EXERCISE REQUIREMENTS: Under this line are the records; repeat exactly the lines starting at the one containing "bedroom with light wood-type flooring" and ending at the one containing "A dining room", omitting pictures.

RECORDS FOR THIS EXERCISE:
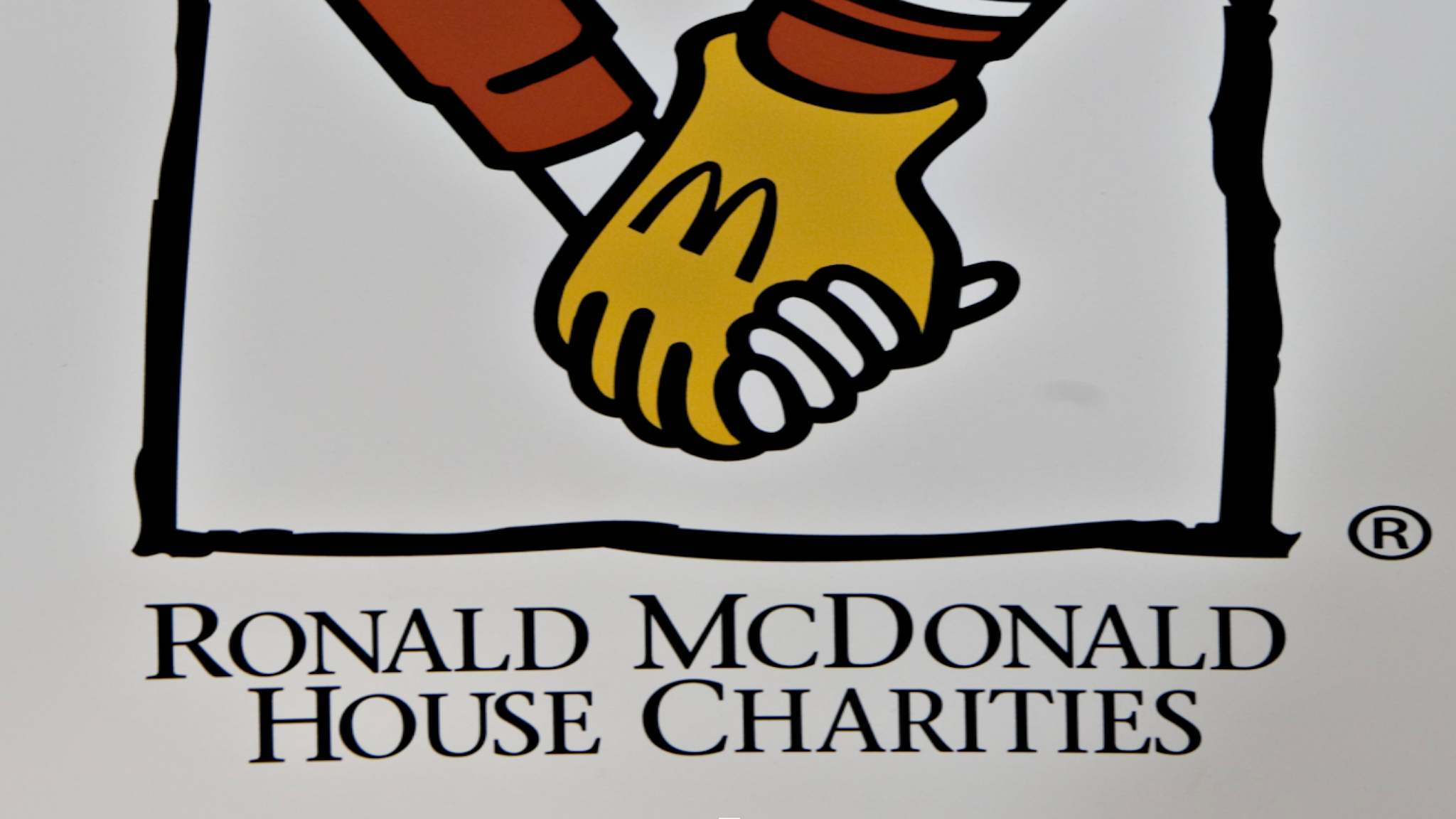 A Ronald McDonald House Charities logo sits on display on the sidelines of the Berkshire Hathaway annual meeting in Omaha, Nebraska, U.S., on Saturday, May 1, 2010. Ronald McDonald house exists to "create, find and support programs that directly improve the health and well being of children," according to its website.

--

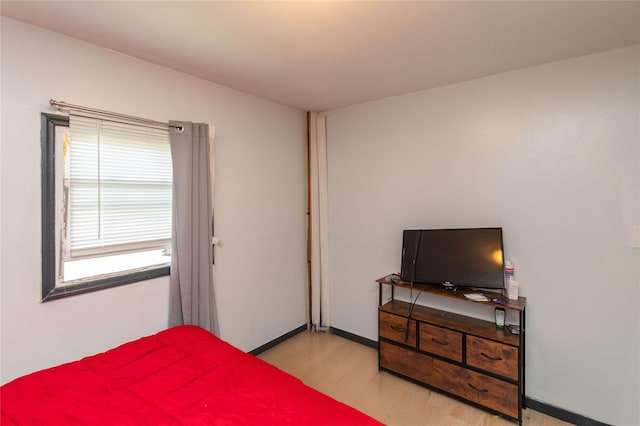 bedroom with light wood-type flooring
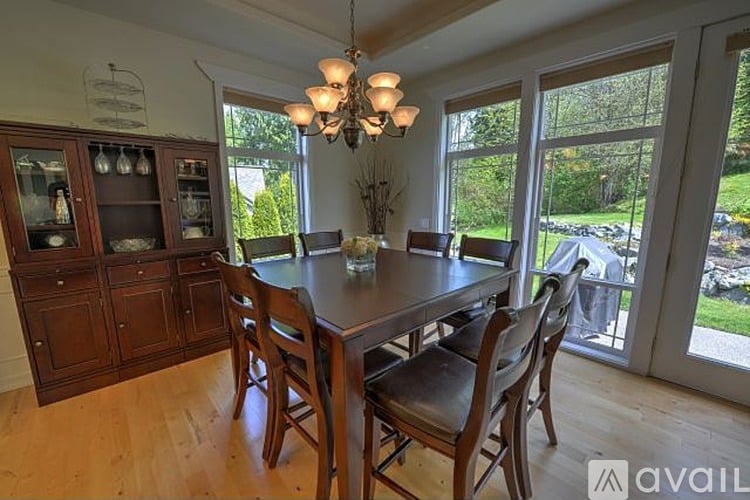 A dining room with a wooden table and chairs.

---

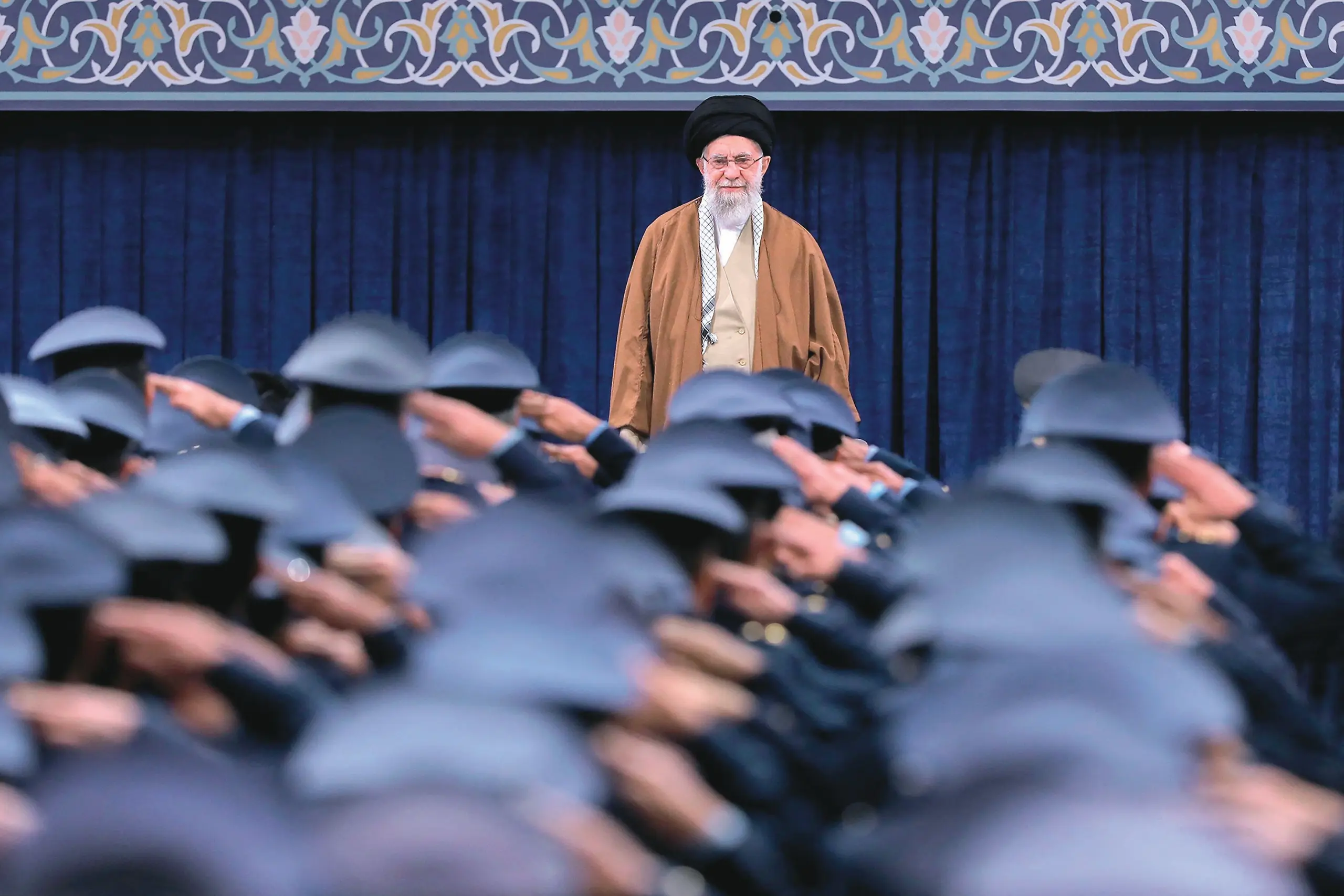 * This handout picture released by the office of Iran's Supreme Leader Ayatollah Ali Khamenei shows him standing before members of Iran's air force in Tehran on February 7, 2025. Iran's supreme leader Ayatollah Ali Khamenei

REPLY TO THE EXERCISE:
 bedroom with light wood-type flooring
 A dining room with a wooden table and chairs.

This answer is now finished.